Action item> Could you write out each entry exactly as it reads?

Data shown>
____
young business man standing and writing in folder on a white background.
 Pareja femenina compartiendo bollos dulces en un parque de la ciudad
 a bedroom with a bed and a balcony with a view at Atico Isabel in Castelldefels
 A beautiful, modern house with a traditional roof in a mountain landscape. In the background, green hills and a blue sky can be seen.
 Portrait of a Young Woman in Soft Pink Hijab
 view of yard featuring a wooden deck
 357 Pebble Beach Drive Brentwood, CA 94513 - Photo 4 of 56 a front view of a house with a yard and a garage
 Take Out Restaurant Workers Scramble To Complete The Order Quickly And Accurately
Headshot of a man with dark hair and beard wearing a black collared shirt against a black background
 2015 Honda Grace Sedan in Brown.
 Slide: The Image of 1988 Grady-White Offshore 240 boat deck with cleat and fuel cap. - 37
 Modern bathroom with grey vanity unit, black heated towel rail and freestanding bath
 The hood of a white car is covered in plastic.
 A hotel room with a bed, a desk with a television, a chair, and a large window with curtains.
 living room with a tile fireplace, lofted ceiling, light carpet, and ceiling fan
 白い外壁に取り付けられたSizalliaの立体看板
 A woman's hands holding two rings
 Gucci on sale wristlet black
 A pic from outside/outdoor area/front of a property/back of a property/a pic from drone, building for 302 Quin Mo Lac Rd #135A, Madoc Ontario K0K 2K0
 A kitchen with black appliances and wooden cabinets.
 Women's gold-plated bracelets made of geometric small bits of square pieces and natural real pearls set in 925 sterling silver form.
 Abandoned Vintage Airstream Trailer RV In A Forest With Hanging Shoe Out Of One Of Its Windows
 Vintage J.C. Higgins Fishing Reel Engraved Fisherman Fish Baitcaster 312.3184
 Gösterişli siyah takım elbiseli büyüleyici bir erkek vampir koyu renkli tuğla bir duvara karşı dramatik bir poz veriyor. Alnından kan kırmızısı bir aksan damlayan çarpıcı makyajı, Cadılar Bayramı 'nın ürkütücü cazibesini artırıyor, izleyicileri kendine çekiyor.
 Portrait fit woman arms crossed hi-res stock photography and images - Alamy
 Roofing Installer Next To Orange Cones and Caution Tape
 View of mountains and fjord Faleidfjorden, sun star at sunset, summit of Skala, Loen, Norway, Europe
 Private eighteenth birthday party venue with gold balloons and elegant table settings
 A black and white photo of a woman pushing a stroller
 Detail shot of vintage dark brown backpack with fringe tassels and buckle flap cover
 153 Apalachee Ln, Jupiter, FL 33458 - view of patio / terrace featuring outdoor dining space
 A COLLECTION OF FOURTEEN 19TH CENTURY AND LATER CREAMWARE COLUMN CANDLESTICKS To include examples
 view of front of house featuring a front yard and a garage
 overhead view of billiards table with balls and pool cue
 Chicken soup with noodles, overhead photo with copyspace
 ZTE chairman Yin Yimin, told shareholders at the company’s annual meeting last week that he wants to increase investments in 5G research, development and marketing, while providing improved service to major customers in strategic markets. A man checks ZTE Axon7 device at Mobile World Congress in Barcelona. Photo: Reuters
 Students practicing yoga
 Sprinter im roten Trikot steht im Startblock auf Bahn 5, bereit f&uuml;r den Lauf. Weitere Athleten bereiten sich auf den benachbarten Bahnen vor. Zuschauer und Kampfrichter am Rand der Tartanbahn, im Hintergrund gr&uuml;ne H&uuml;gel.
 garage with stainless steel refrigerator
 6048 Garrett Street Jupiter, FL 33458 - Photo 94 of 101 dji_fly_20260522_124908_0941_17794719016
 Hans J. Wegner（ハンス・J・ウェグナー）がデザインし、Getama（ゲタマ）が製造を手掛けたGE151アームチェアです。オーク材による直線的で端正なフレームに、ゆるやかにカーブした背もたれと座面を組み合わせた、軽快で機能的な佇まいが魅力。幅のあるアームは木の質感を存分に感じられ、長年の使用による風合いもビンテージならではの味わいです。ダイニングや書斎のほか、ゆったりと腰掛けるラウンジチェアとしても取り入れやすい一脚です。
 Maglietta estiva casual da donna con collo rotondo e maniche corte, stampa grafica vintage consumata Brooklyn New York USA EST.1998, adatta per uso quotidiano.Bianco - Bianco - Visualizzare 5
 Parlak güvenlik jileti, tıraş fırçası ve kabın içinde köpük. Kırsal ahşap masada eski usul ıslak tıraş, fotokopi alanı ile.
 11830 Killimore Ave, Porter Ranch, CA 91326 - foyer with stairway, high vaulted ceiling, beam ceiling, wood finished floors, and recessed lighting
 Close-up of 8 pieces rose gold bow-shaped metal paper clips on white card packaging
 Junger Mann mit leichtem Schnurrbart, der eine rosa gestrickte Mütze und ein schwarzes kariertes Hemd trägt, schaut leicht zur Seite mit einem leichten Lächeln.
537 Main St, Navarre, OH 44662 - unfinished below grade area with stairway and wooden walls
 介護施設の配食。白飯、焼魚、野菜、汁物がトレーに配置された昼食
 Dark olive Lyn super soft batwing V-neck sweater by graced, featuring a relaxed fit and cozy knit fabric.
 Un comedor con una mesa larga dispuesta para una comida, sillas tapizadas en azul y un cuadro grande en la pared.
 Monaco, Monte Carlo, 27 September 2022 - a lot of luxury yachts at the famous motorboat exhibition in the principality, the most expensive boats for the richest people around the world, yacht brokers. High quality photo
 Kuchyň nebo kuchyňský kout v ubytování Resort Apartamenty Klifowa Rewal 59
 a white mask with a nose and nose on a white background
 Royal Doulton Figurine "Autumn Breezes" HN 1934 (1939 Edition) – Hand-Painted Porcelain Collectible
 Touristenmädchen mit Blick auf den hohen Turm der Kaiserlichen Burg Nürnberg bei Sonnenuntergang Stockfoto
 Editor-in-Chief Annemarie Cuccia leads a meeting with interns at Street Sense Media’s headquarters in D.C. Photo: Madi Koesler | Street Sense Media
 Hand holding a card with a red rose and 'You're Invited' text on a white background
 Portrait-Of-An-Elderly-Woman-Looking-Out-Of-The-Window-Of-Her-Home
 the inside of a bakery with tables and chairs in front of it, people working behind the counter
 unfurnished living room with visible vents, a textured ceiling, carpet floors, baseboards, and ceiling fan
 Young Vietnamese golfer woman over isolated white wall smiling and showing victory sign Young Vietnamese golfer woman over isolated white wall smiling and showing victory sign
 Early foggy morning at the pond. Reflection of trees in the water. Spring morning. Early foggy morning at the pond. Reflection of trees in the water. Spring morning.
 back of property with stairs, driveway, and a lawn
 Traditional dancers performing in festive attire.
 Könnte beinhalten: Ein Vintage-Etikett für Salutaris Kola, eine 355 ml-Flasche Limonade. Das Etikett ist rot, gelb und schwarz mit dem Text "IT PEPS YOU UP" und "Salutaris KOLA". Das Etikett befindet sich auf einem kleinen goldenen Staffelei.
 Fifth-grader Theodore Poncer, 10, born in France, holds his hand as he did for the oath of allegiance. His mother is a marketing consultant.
____
Exercise response>
young business man standing and writing in folder on a white background.
 Pareja femenina compartiendo bollos dulces en un parque de la ciudad
 a bedroom with a bed and a balcony with a view at Atico Isabel in Castelldefels
 A beautiful, modern house with a traditional roof in a mountain landscape. In the background, green hills and a blue sky can be seen.
 Portrait of a Young Woman in Soft Pink Hijab
 view of yard featuring a wooden deck
 357 Pebble Beach Drive Brentwood, CA 94513 - Photo 4 of 56 a front view of a house with a yard and a garage
 Take Out Restaurant Workers Scramble To Complete The Order Quickly And Accurately
Headshot of a man with dark hair and beard wearing a black collared shirt against a black background
 2015 Honda Grace Sedan in Brown.
 Slide: The Image of 1988 Grady-White Offshore 240 boat deck with cleat and fuel cap. - 37
 Modern bathroom with grey vanity unit, black heated towel rail and freestanding bath
 The hood of a white car is covered in plastic.
 A hotel room with a bed, a desk with a television, a chair, and a large window with curtains.
 living room with a tile fireplace, lofted ceiling, light carpet, and ceiling fan
 白い外壁に取り付けられたSizalliaの立体看板
 A woman's hands holding two rings
 Gucci on sale wristlet black
 A pic from outside/outdoor area/front of a property/back of a property/a pic from drone, building for 302 Quin Mo Lac Rd #135A, Madoc Ontario K0K 2K0
 A kitchen with black appliances and wooden cabinets.
 Women's gold-plated bracelets made of geometric small bits of square pieces and natural real pearls set in 925 sterling silver form.
 Abandoned Vintage Airstream Trailer RV In A Forest With Hanging Shoe Out Of One Of Its Windows
 Vintage J.C. Higgins Fishing Reel Engraved Fisherman Fish Baitcaster 312.3184
 Gösterişli siyah takım elbiseli büyüleyici bir erkek vampir koyu renkli tuğla bir duvara karşı dramatik bir poz veriyor. Alnından kan kırmızısı bir aksan damlayan çarpıcı makyajı, Cadılar Bayramı 'nın ürkütücü cazibesini artırıyor, izleyicileri kendine çekiyor.
 Portrait fit woman arms crossed hi-res stock photography and images - Alamy
 Roofing Installer Next To Orange Cones and Caution Tape
 View of mountains and fjord Faleidfjorden, sun star at sunset, summit of Skala, Loen, Norway, Europe
 Private eighteenth birthday party venue with gold balloons and elegant table settings
 A black and white photo of a woman pushing a stroller
 Detail shot of vintage dark brown backpack with fringe tassels and buckle flap cover
 153 Apalachee Ln, Jupiter, FL 33458 - view of patio / terrace featuring outdoor dining space
 A COLLECTION OF FOURTEEN 19TH CENTURY AND LATER CREAMWARE COLUMN CANDLESTICKS To include examples
 view of front of house featuring a front yard and a garage
 overhead view of billiards table with balls and pool cue
 Chicken soup with noodles, overhead photo with copyspace
 ZTE chairman Yin Yimin, told shareholders at the company’s annual meeting last week that he wants to increase investments in 5G research, development and marketing, while providing improved service to major customers in strategic markets. A man checks ZTE Axon7 device at Mobile World Congress in Barcelona. Photo: Reuters
 Students practicing yoga
 Sprinter im roten Trikot steht im Startblock auf Bahn 5, bereit f&uuml;r den Lauf. Weitere Athleten bereiten sich auf den benachbarten Bahnen vor. Zuschauer und Kampfrichter am Rand der Tartanbahn, im Hintergrund gr&uuml;ne H&uuml;gel.
 garage with stainless steel refrigerator
 6048 Garrett Street Jupiter, FL 33458 - Photo 94 of 101 dji_fly_20260522_124908_0941_17794719016
 Hans J. Wegner（ハンス・J・ウェグナー）がデザインし、Getama（ゲタマ）が製造を手掛けたGE151アームチェアです。オーク材による直線的で端正なフレームに、ゆるやかにカーブした背もたれと座面を組み合わせた、軽快で機能的な佇まいが魅力。幅のあるアームは木の質感を存分に感じられ、長年の使用による風合いもビンテージならではの味わいです。ダイニングや書斎のほか、ゆったりと腰掛けるラウンジチェアとしても取り入れやすい一脚です。
 Maglietta estiva casual da donna con collo rotondo e maniche corte, stampa grafica vintage consumata Brooklyn New York USA EST.1998, adatta per uso quotidiano.Bianco - Bianco - Visualizzare 5
 Parlak güvenlik jileti, tıraş fırçası ve kabın içinde köpük. Kırsal ahşap masada eski usul ıslak tıraş, fotokopi alanı ile.
 11830 Killimore Ave, Porter Ranch, CA 91326 - foyer with stairway, high vaulted ceiling, beam ceiling, wood finished floors, and recessed lighting
 Close-up of 8 pieces rose gold bow-shaped metal paper clips on white card packaging
 Junger Mann mit leichtem Schnurrbart, der eine rosa gestrickte Mütze und ein schwarzes kariertes Hemd trägt, schaut leicht zur Seite mit einem leichten Lächeln.
537 Main St, Navarre, OH 44662 - unfinished below grade area with stairway and wooden walls
 介護施設の配食。白飯、焼魚、野菜、汁物がトレーに配置された昼食
 Dark olive Lyn super soft batwing V-neck sweater by graced, featuring a relaxed fit and cozy knit fabric.
 Un comedor con una mesa larga dispuesta para una comida, sillas tapizadas en azul y un cuadro grande en la pared.
 Monaco, Monte Carlo, 27 September 2022 - a lot of luxury yachts at the famous motorboat exhibition in the principality, the most expensive boats for the richest people around the world, yacht brokers. High quality photo
 Kuchyň nebo kuchyňský kout v ubytování Resort Apartamenty Klifowa Rewal 59
 a white mask with a nose and nose on a white background
 Royal Doulton Figurine "Autumn Breezes" HN 1934 (1939 Edition) – Hand-Painted Porcelain Collectible
 Touristenmädchen mit Blick auf den hohen Turm der Kaiserlichen Burg Nürnberg bei Sonnenuntergang Stockfoto
 Editor-in-Chief Annemarie Cuccia leads a meeting with interns at Street Sense Media’s headquarters in D.C. Photo: Madi Koesler | Street Sense Media
 Hand holding a card with a red rose and 'You're Invited' text on a white background
 Portrait-Of-An-Elderly-Woman-Looking-Out-Of-The-Window-Of-Her-Home
 the inside of a bakery with tables and chairs in front of it, people working behind the counter
 unfurnished living room with visible vents, a textured ceiling, carpet floors, baseboards, and ceiling fan
 Young Vietnamese golfer woman over isolated white wall smiling and showing victory sign Young Vietnamese golfer woman over isolated white wall smiling and showing victory sign
 Early foggy morning at the pond. Reflection of trees in the water. Spring morning. Early foggy morning at the pond. Reflection of trees in the water. Spring morning.
 back of property with stairs, driveway, and a lawn
 Traditional dancers performing in festive attire.
 Könnte beinhalten: Ein Vintage-Etikett für Salutaris Kola, eine 355 ml-Flasche Limonade. Das Etikett ist rot, gelb und schwarz mit dem Text "IT PEPS YOU UP" und "Salutaris KOLA". Das Etikett befindet sich auf einem kleinen goldenen Staffelei.
 Fifth-grader Theodore Poncer, 10, born in France, holds his hand as he did for the oath of allegiance. His mother is a marketing consultant.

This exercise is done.